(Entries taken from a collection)
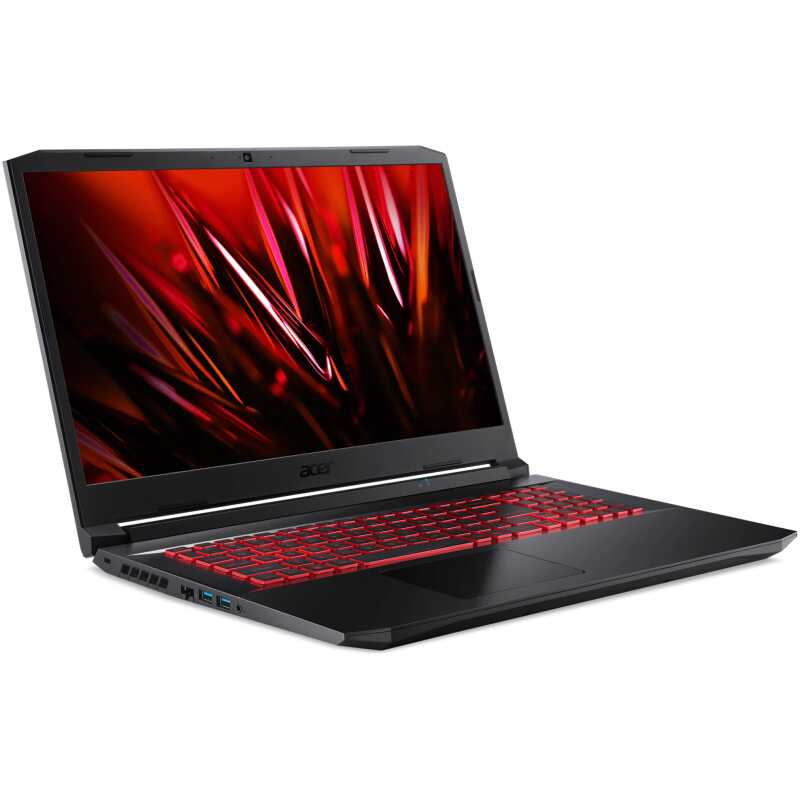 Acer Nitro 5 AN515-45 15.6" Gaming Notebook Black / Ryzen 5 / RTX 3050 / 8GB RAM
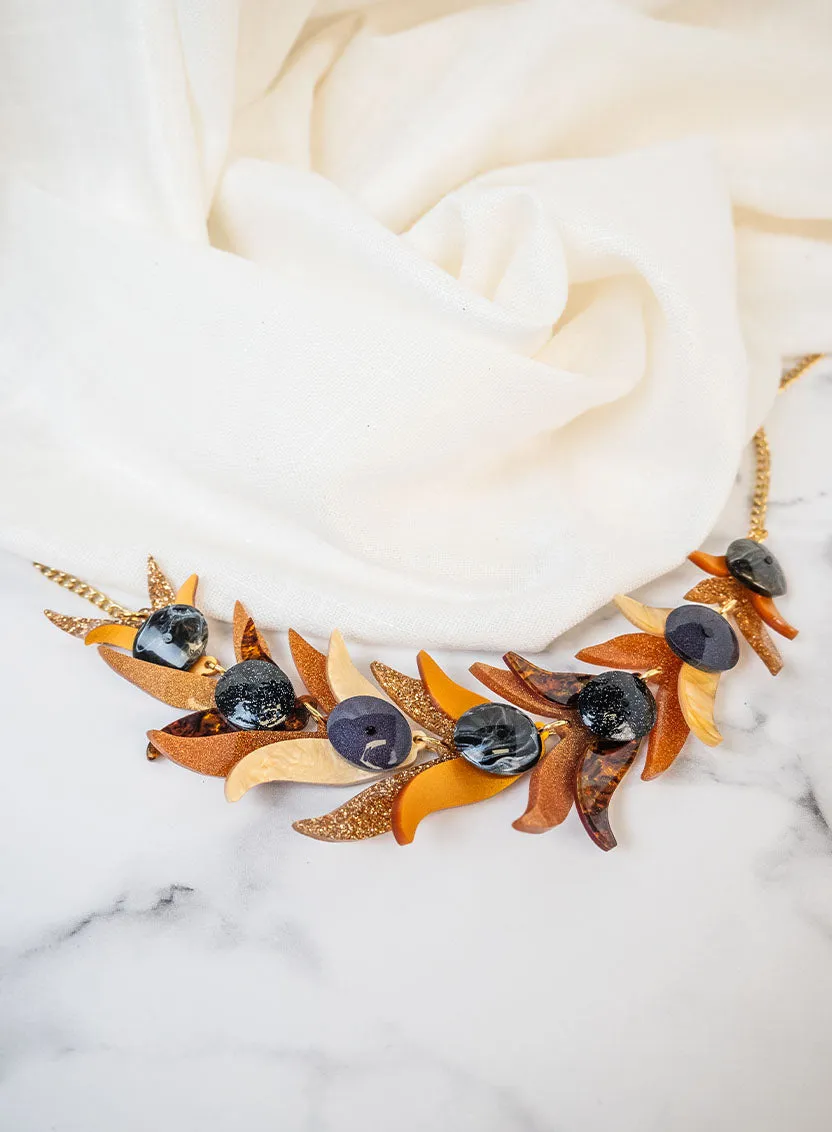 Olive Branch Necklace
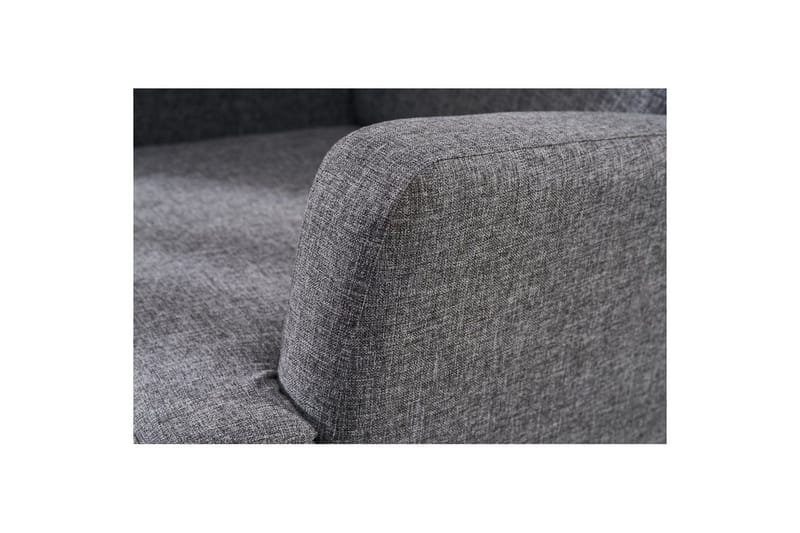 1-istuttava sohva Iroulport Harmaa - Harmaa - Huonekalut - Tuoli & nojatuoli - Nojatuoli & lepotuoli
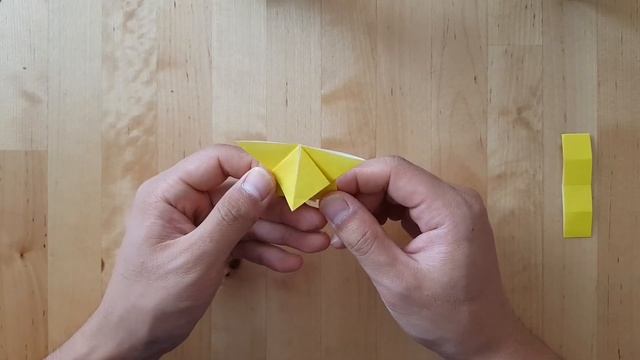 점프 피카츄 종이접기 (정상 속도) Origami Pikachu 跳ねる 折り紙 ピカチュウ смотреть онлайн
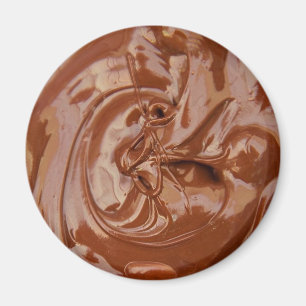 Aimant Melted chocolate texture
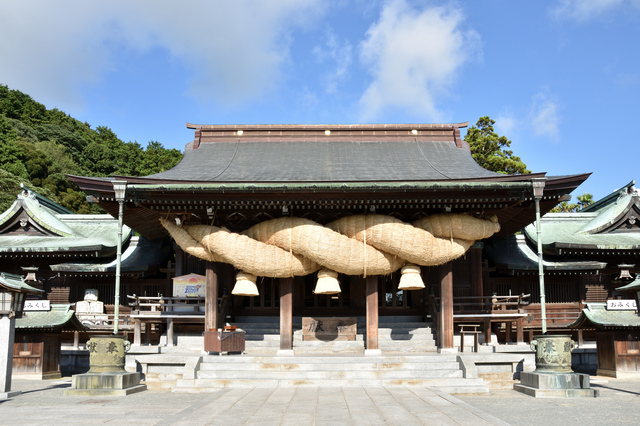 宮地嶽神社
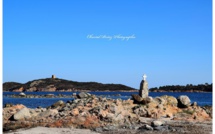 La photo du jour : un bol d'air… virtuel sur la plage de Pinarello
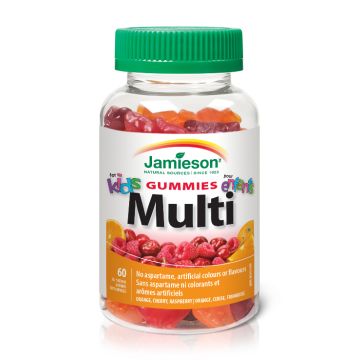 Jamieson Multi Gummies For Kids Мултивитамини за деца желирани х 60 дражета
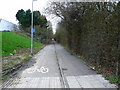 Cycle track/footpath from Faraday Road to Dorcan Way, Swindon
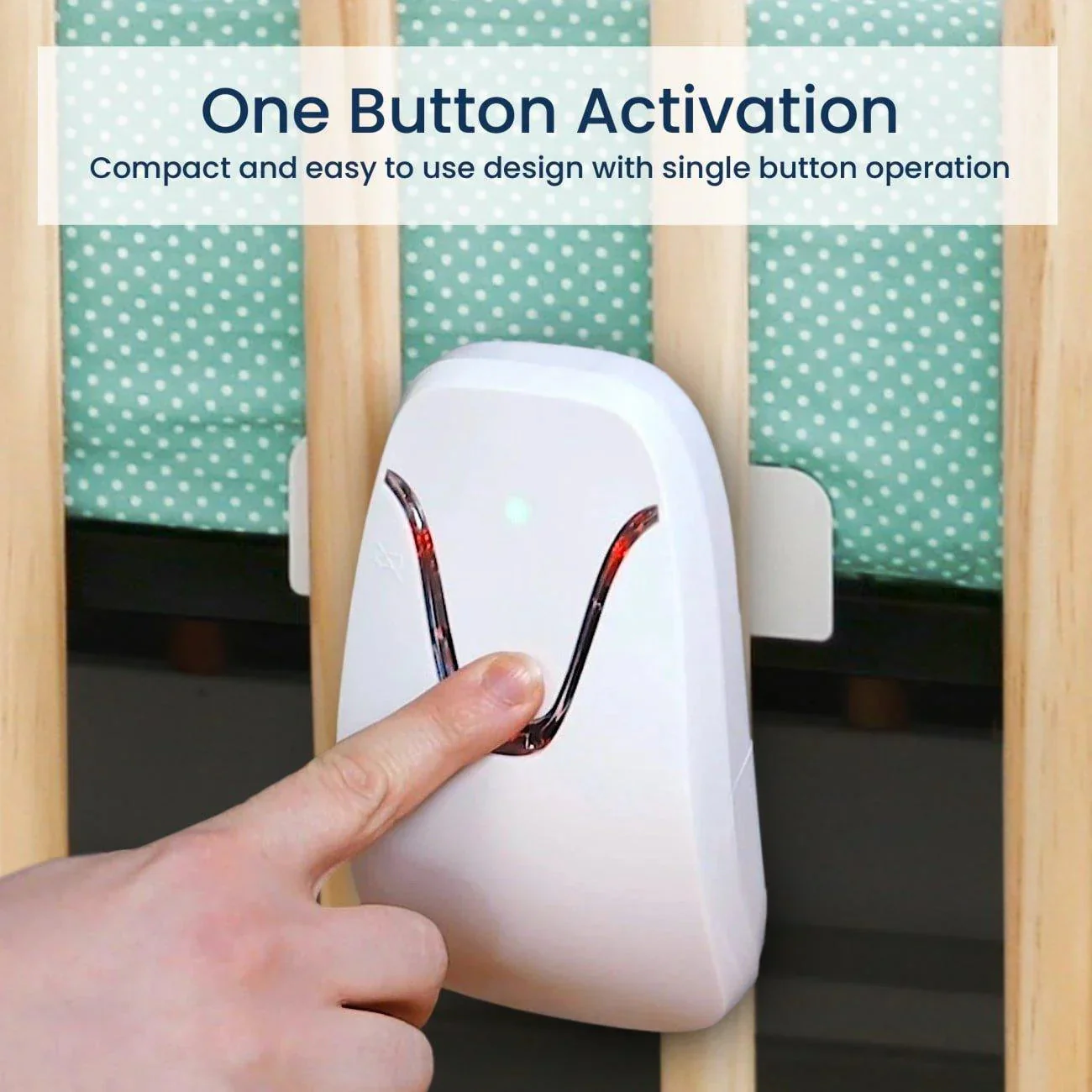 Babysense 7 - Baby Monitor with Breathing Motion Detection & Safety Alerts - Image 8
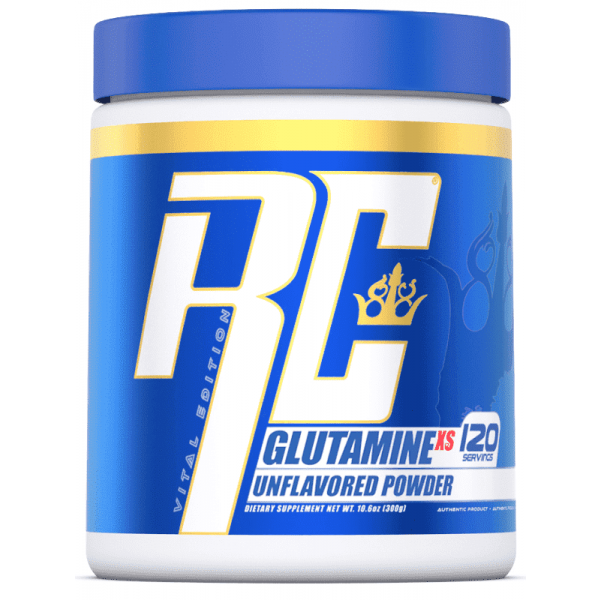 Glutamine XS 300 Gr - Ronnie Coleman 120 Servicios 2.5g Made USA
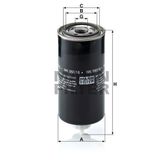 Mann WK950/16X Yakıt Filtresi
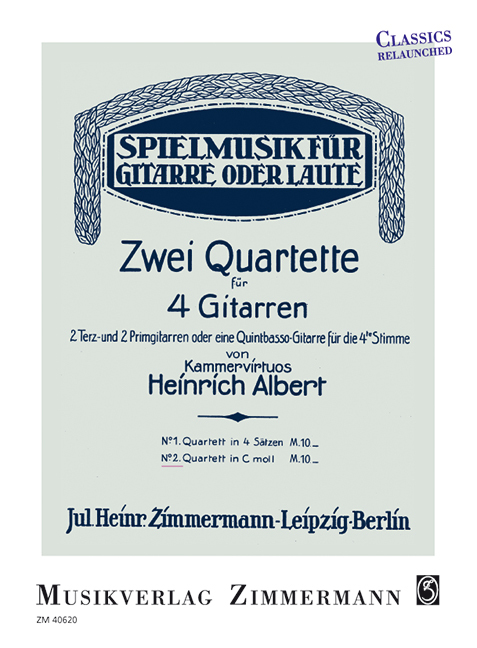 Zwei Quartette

> [WHAT THIS TASK INVOLVES]:
Retype the whole of the data verbatim. Skip every picture.

> [COMPLETED EXERCISE]:
 Acer Nitro 5 AN515-45 15.6" Gaming Notebook Black / Ryzen 5 / RTX 3050 / 8GB RAM
 Olive Branch Necklace
 1-istuttava sohva Iroulport Harmaa - Harmaa - Huonekalut - Tuoli & nojatuoli - Nojatuoli & lepotuoli
 점프 피카츄 종이접기 (정상 속도) Origami Pikachu 跳ねる 折り紙 ピカチュウ смотреть онлайн
 Aimant Melted chocolate texture
 宮地嶽神社
 La photo du jour : un bol d'air… virtuel sur la plage de Pinarello
 Jamieson Multi Gummies For Kids Мултивитамини за деца желирани х 60 дражета
 Cycle track/footpath from Faraday Road to Dorcan Way, Swindon
 Babysense 7 - Baby Monitor with Breathing Motion Detection & Safety Alerts - Image 8
 Glutamine XS 300 Gr - Ronnie Coleman 120 Servicios 2.5g Made USA
 Mann WK950/16X Yakıt Filtresi
 Zwei Quartette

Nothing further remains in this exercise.